§ Aim of the exercise: Please return exactly the lines below that run from the line with "Dijual Rumah Siap" through the end of the listing, both included, but not the pictures.

§ Data in this exercise:
———
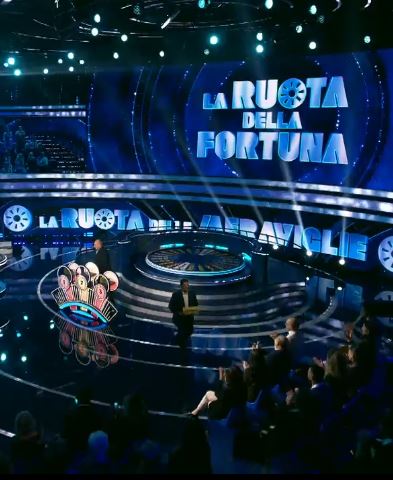Gerry Scotti in lacrime alla Ruota della Fortuna: è successo di tutto (VIDEO)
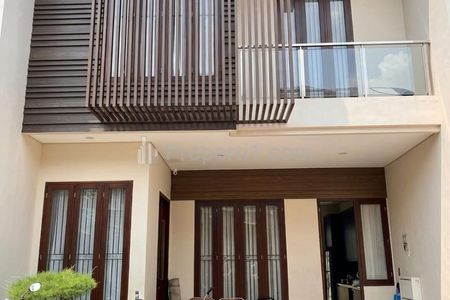 Dijual Rumah Siap Huni di Jalan Kemang Sari Bekasi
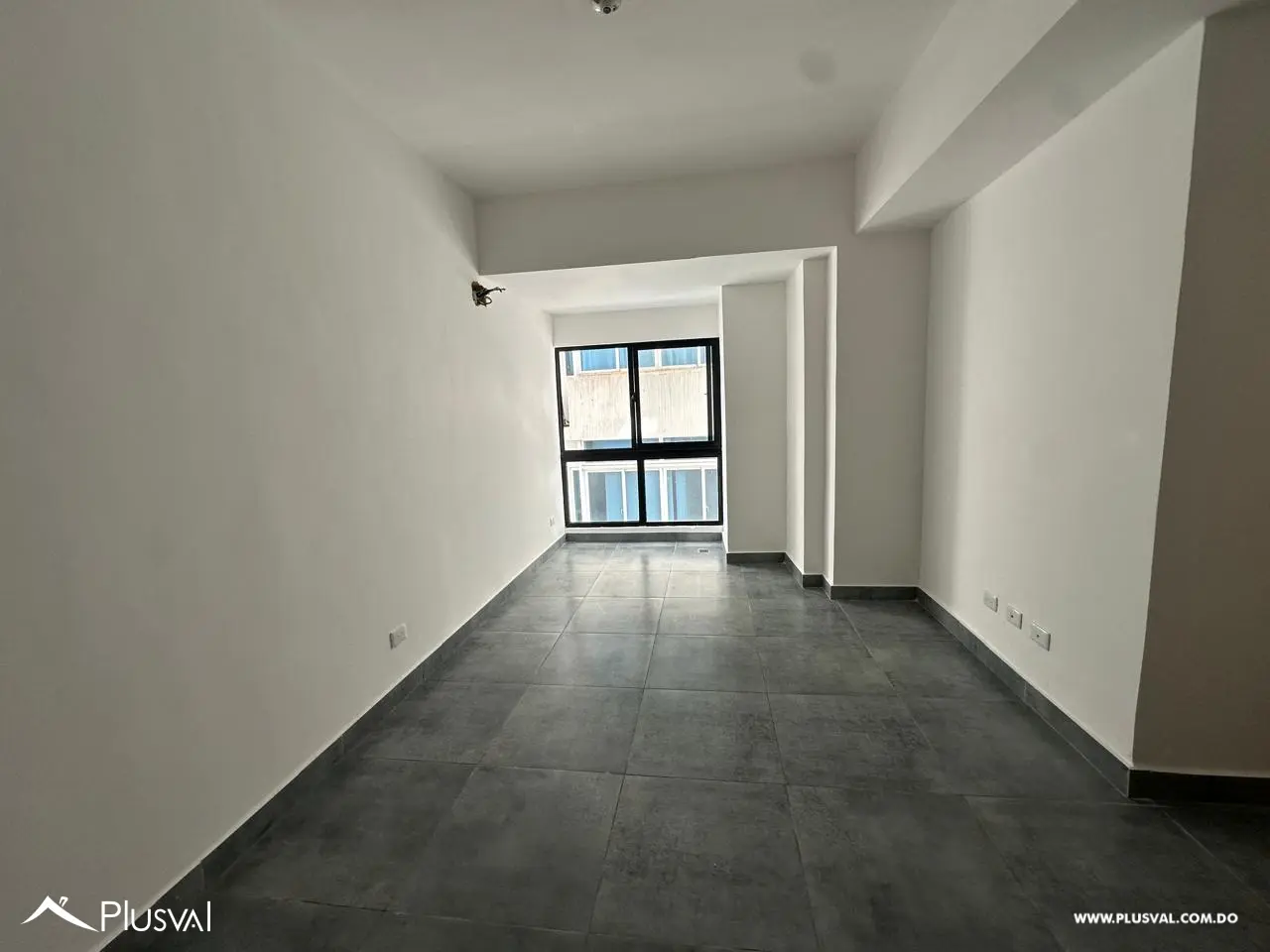 Apartamento en alquiler de 2 habitaciones en el sector de Evaristo Morales 476671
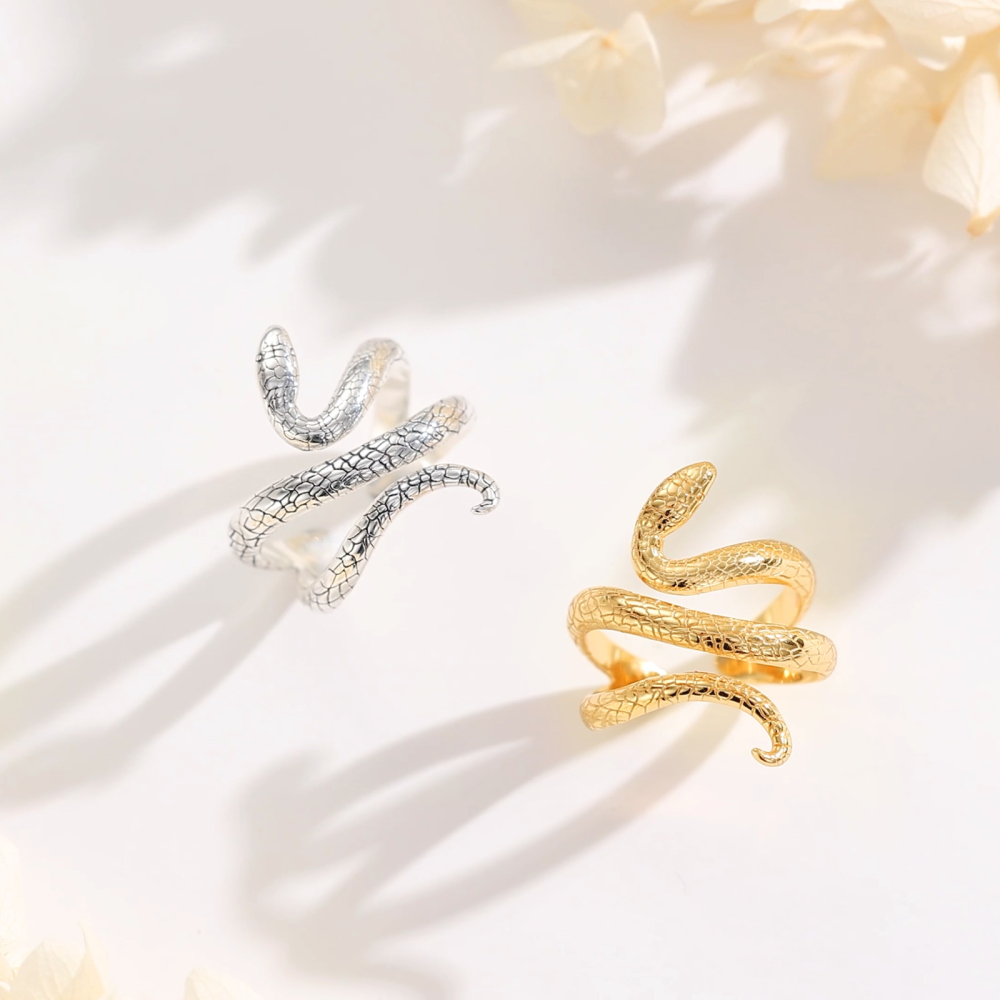 Snake-Shaped Adjustable Ring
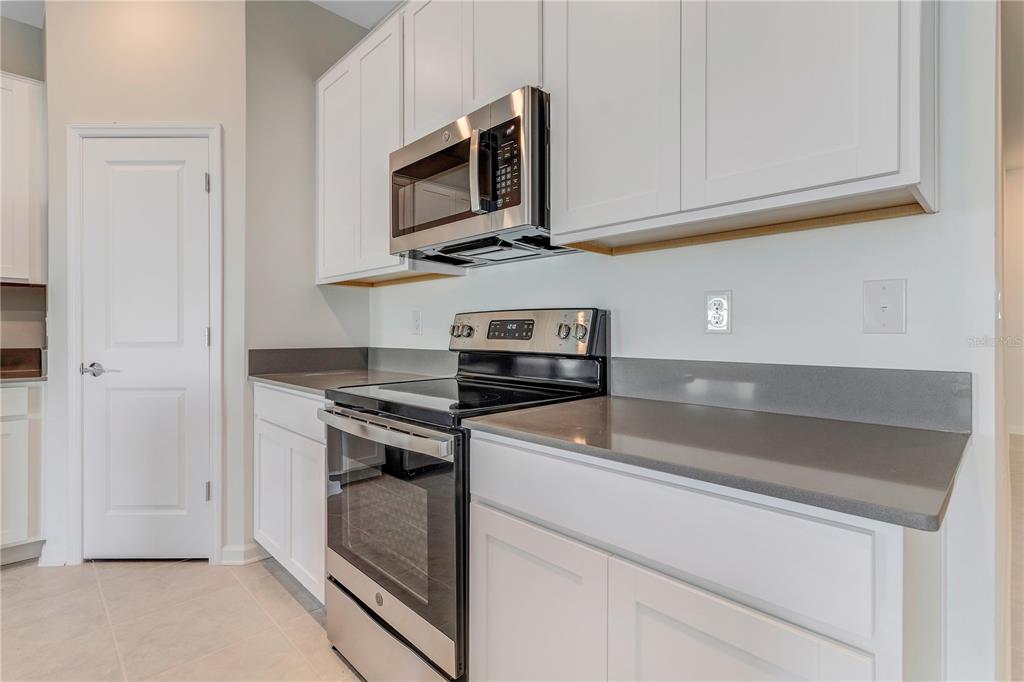 865 CITRUS RESERVE BOULEVARD, DAVENPORT, FL — photo 5 of 22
———
§ Response:
 Dijual Rumah Siap Huni di Jalan Kemang Sari Bekasi
 Apartamento en alquiler de 2 habitaciones en el sector de Evaristo Morales 476671
 Snake-Shaped Adjustable Ring
 865 CITRUS RESERVE BOULEVARD, DAVENPORT, FL — photo 5 of 22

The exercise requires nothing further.